[Stored items]
"""

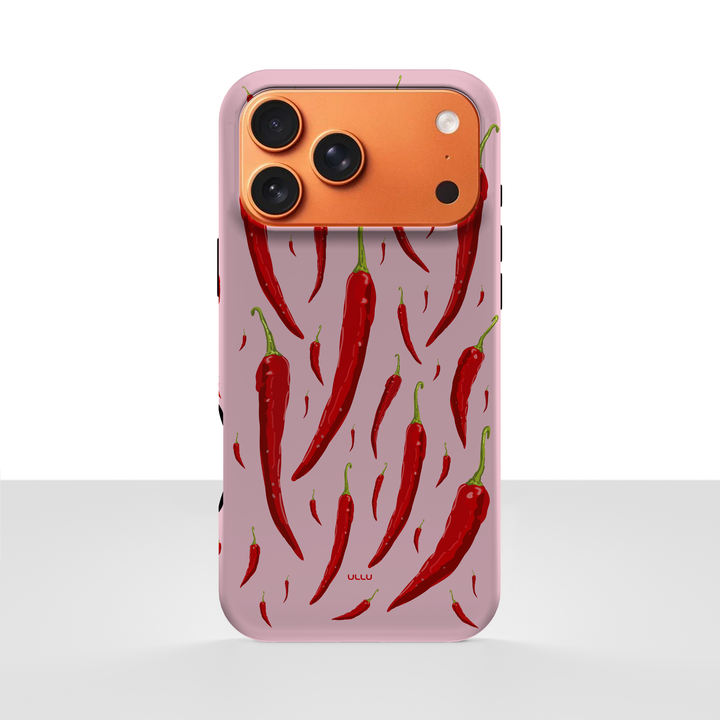 iPhone 17 Pro Max deksel Chili med røde chilipepper og grønne stilker på lyserosa bakgrunn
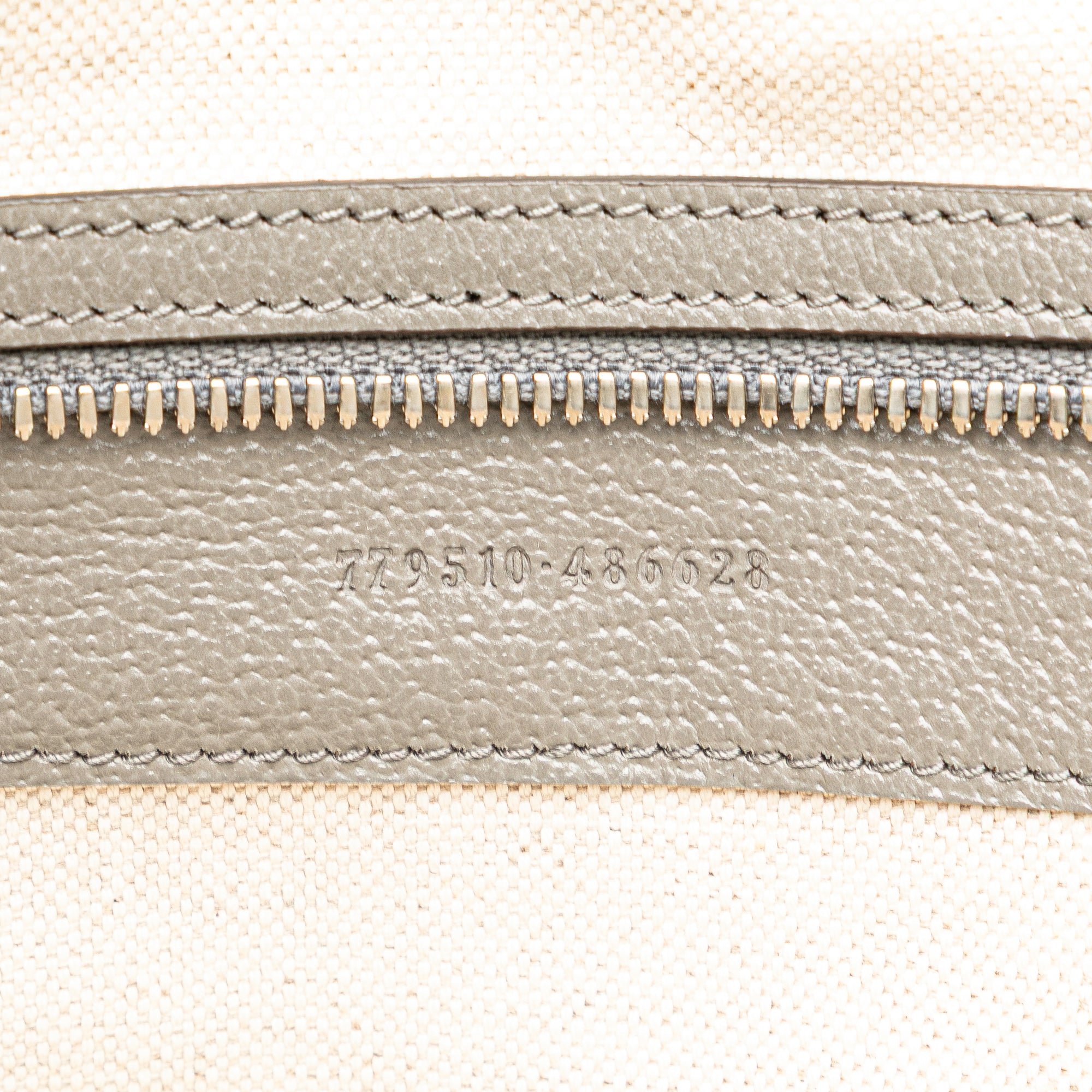 Gucci | Pre-Owned Canvas Embossed Logo Tote | White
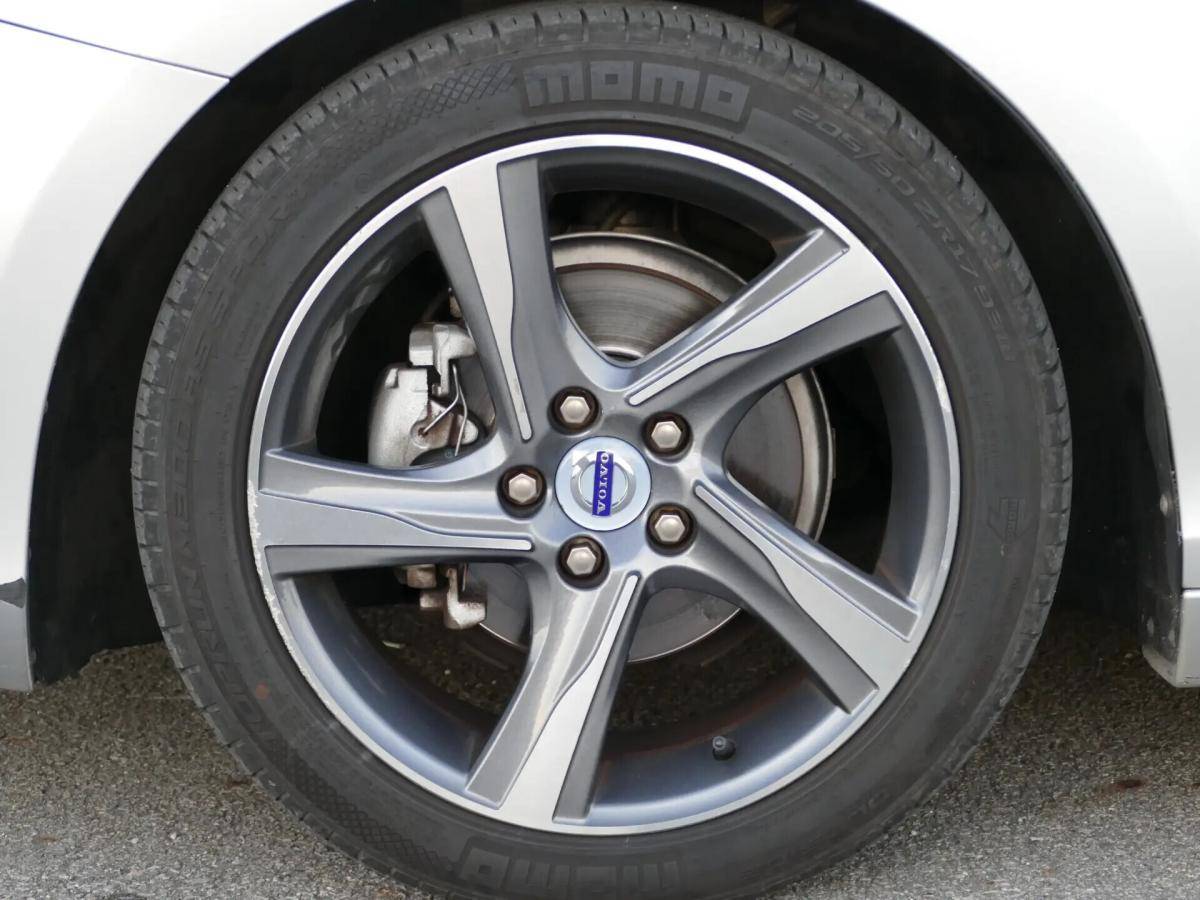 volvo-v40-2013-diesel-1560cc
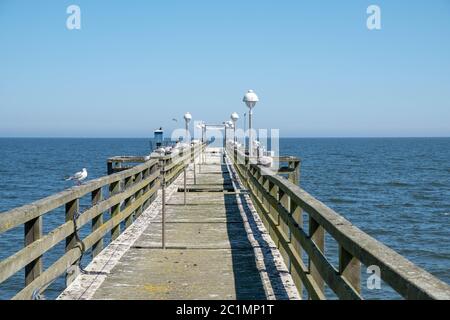 Il vecchio molo di Koserow sull'isola di Usedom Foto Stock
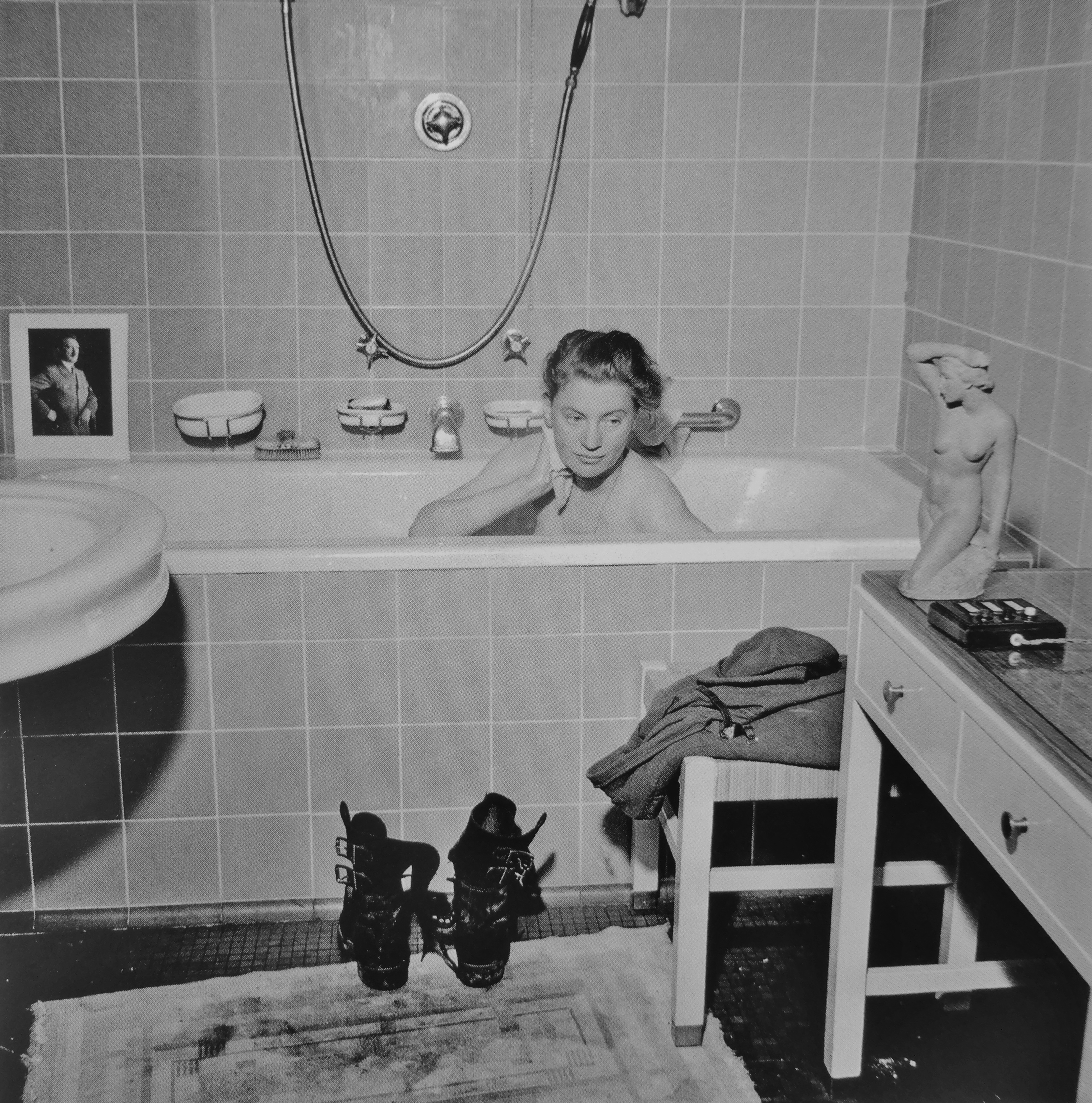 В ванне гитлера ли миллер ванной. Ли Миллер в ванной Гитлера. Ли Миллер в ванной Гитлера Мюнхен 1945. Элизабет Миллер в квартире Гитлера. Ли Миллер фотографии в ванной Гитлера.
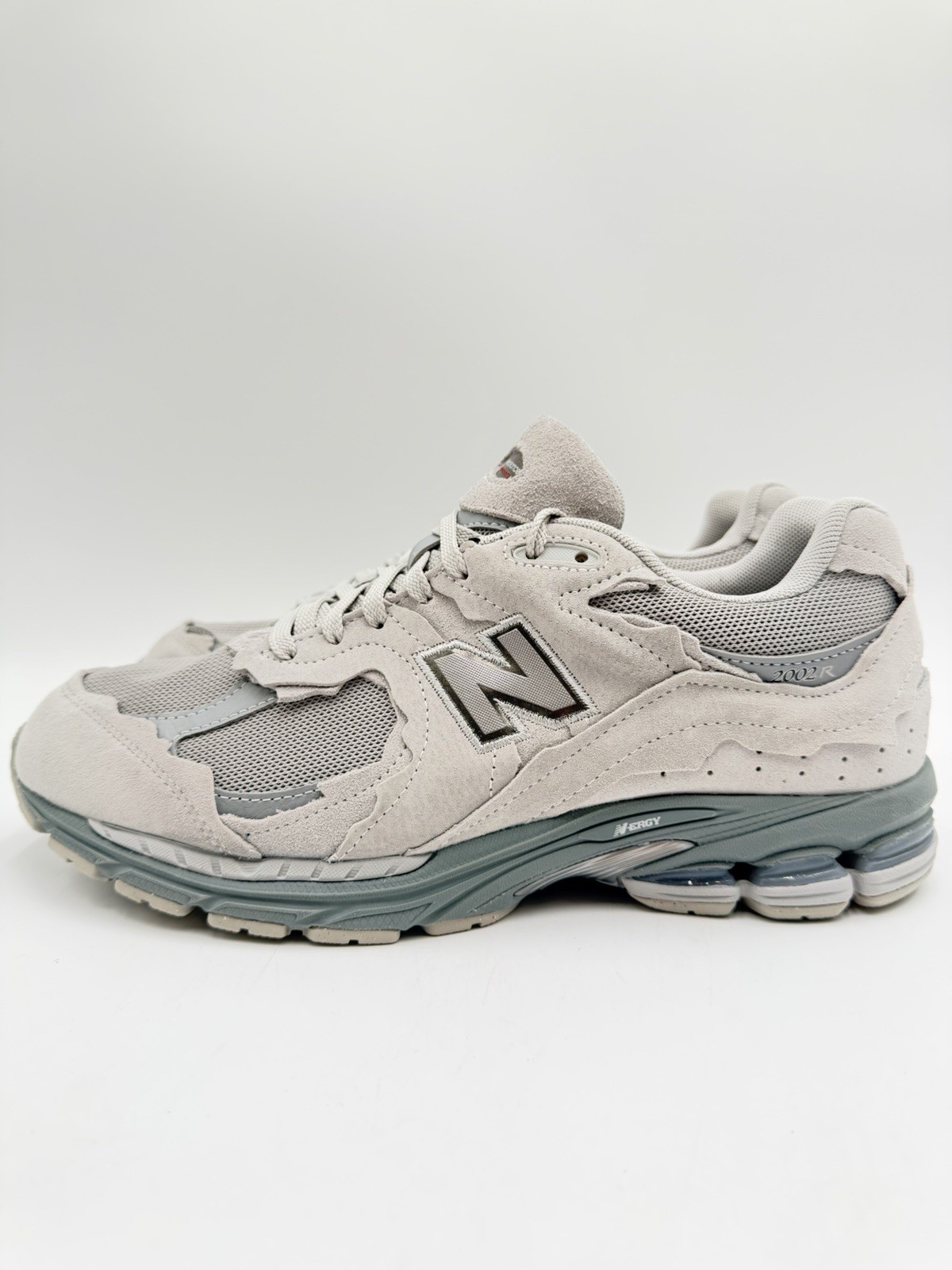 New Balance Men’s 2002R Size 11 Grey |U200227R|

"""

Would you please copy, exactly and only, the lines from the one with "volvo-v40-2013-diesel-1560cc" through the end of the entries above, skipping every picture?

Result of this exercise –
 volvo-v40-2013-diesel-1560cc
 Il vecchio molo di Koserow sull'isola di Usedom Foto Stock
 В ванне гитлера ли миллер ванной. Ли Миллер в ванной Гитлера. Ли Миллер в ванной Гитлера Мюнхен 1945. Элизабет Миллер в квартире Гитлера. Ли Миллер фотографии в ванной Гитлера.
 New Balance Men’s 2002R Size 11 Grey |U200227R|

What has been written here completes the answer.